I agree rachel that there is a need for divergent thinking and genuine understanding that embraces complexity and problematises and that is one of the things that ipda as an organisation can offer as it transcends policy jurisdictions and can provide a forum in which policy from whoever context can be engaged with critically. The main point I was trying to make here is that research is a ideologically situated as policy is and that there is also a need to understand that what counts as evidence and what counts as research is as much about what kind of society we think we should have, and the what learning to be in that society therefore comprises, as it is about anything else. Ontology matters!
I do agree that ontology matters and I’d like to offer you some evidence that might serve to question your point that:
I fear that there is very little evidence in the current economic and political context to suggest that educational research, wherever and by whomsoever it is carried out, will be little more than a sophisticated market research activity and part of the government’s mechanisms for maintaining a tight control from the centre on teachers, students and others in education.
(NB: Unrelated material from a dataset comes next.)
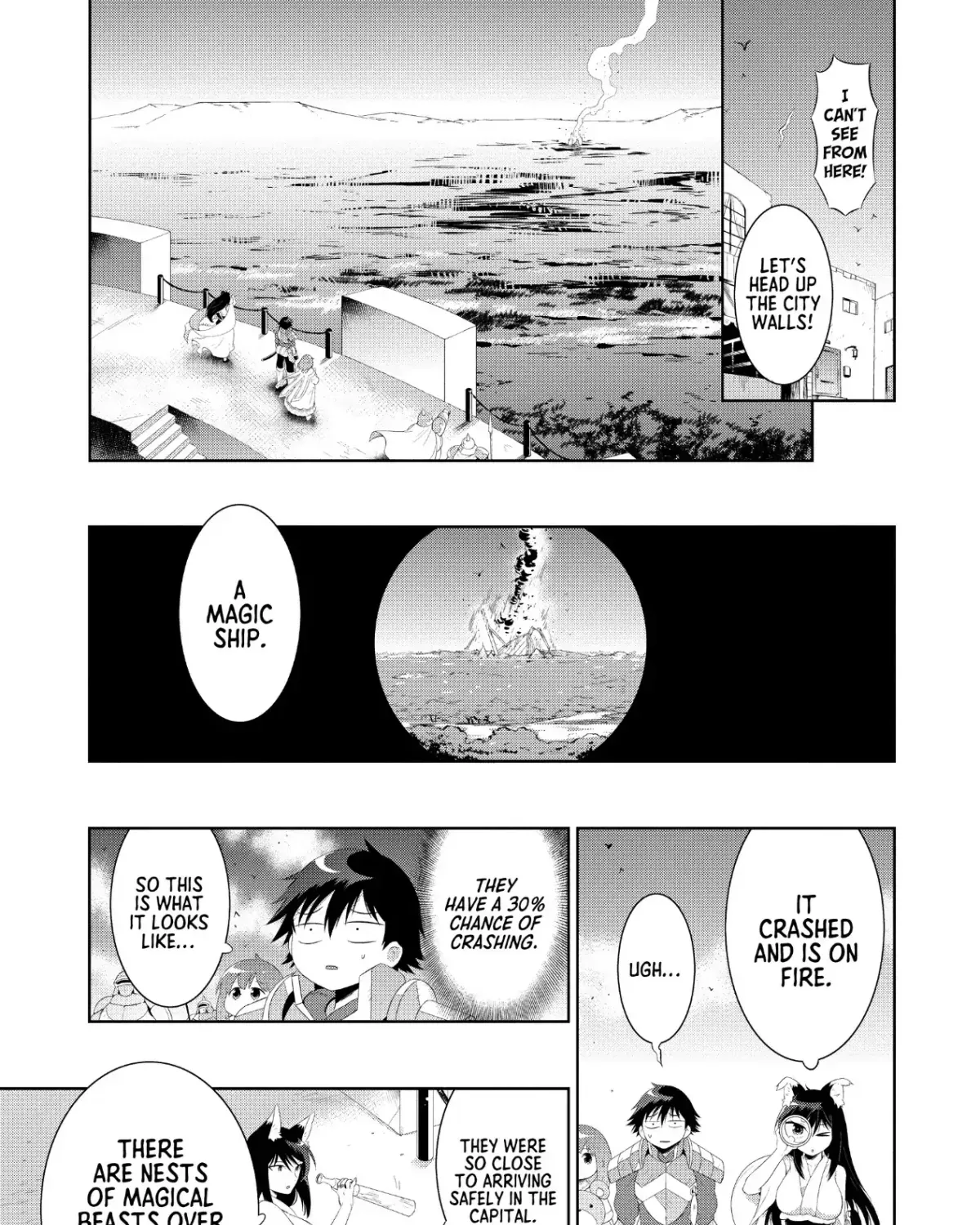 Chapter 45 — page 65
I wonder if there is some slippage or lack of clarity between your meanings of education and educational research? I take education research to be research that contributes to the conceptual frameworks and methods of validation of disciplines of education. I take educational research to be research that generates valid explanations of the educational influences of individuals in their own learning, the learning of others and in the learning of the social formations that influence practice and understanding.
You might like to browse through the practitioner-researcher doctorates at http://www.actionresearch.net/living/living.shtml that focus on educational research whilst using insights from education researchers in ways that transcend government’s mechanisms for maintaining a tight control from the centre, whilst recognising and understanding these mechanisms.